Hat jemand von euch eine Idee, wie und ob es überhaupt möglich ist mit Java ein Programm zu schreiben, mit dem man über eine serielle Schnittstelle (oder USB,etc.) einen Motor oder ähnliches ansteuern kann?

Habe nämlich keine Ahnung!

Schonmal Danke im Voraus!


----------



## Ebenius (19. Dez 2003)

Naja möglich ist das natürlich. Aber da die Schnittstellen systemabhängig sind und java Plattform-Unabhängig ist, wirst Du Dir schon für den Port eine _native_-Schnittstelle für Dein System bauen müssen. Kann mir gut vorstellen, dass es für PCs schon einige fertige Sachen für Linux und/oder Windows gibt.
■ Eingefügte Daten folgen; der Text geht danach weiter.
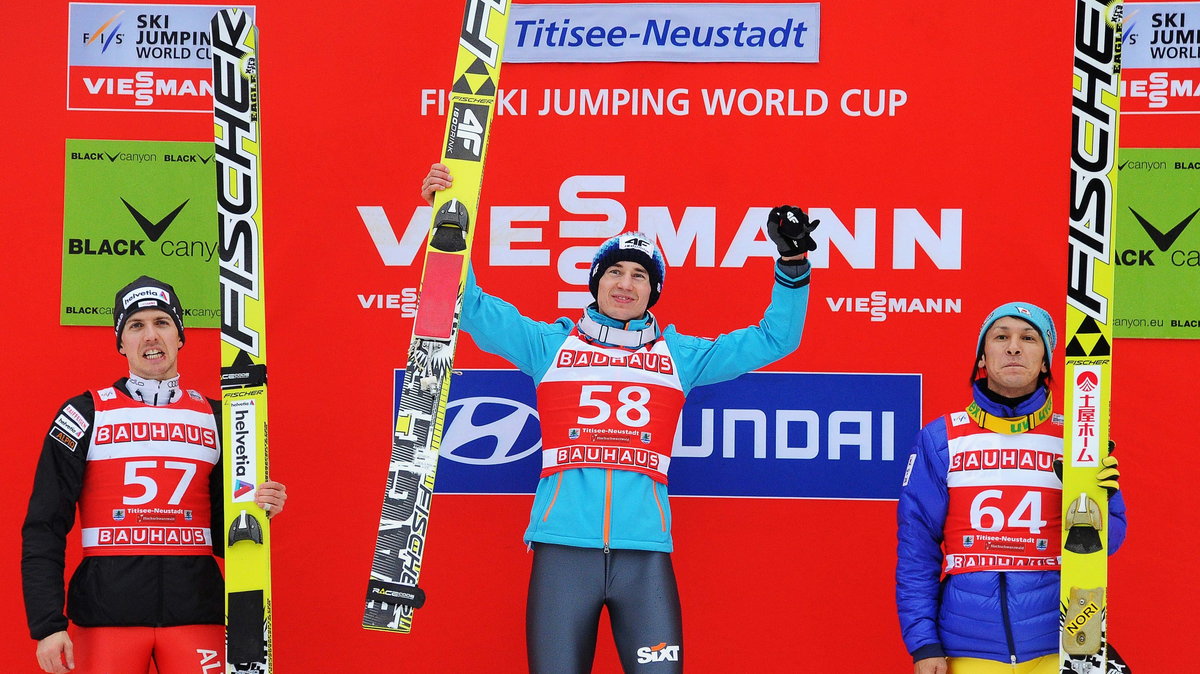 Kamil Stoch (w środku)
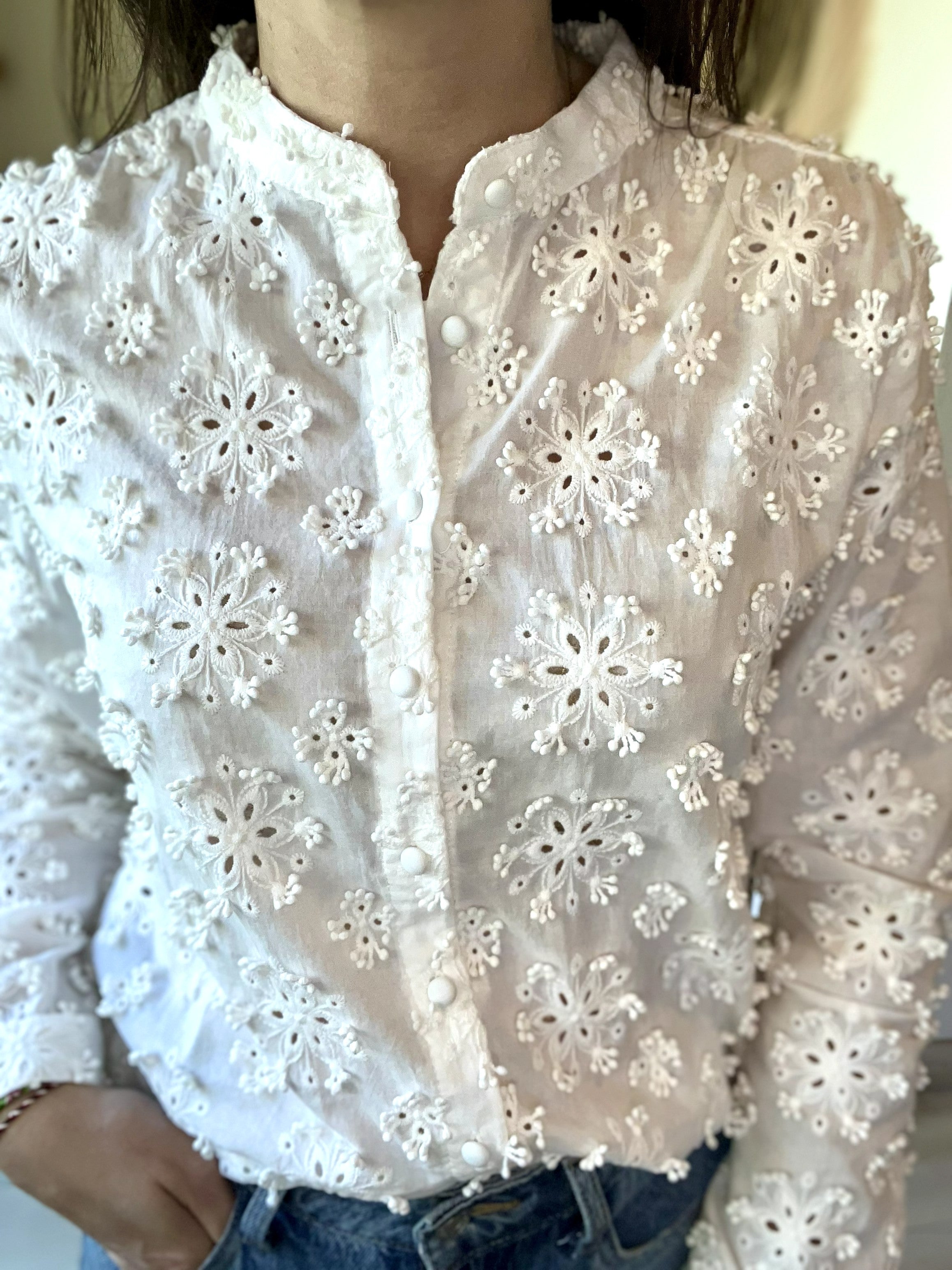 Chemise blanche brodée Lisette - Neuve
Hab aber nicht nach sowas gesucht... Google mal.

Das Programm zur Ansteuerung kann dann natürlich in java laufen.

 :arrow: Gehört nicht nach AWT&Swing :arrow: *verschieb*

Es grüßt Ebenius


----------



## Guest (19. Dez 2003)

OK, danke schön!

Dann werd ich lieber die Finger davon lassen*g*!

Sorry für die falsche Rubrik!


----------



## Guest (6. Jan 2004)

hi

ich habe schon mal an einem projekt mitgearbeitet, da wurden mittels java applikation zwei schrittmotoren angesteuert. das ganze wurde mit einem kontoller von ak modul realisiert. www.ak-modul-bus.de die typenbezeichnung war CY7C63001-2 du solltest ihn unter bauteile im onlineshop finden. auf der page findest du auch die files zur programmierung, falls nicht, kann ich sie dir schicken. weiters gibt es einen pic von microchip, welcher mit der usb schnittstelle kommunizieren kann. leider habe ich damit keine erfahrung. 
ich hoffe das hat dir ein wenig geholfen.

mfg

jopp


----------



## Stefan1200 (6. Jan 2004)

Also von Sun gibt es immerhin eine API, in der man den Seriellen COM Port und den Parallelen LPT Port unter Windows (und Solaris) ansprechen kann. Vielleicht reicht dir das schon?!?

http://java.sun.com/products/javacomm/


----------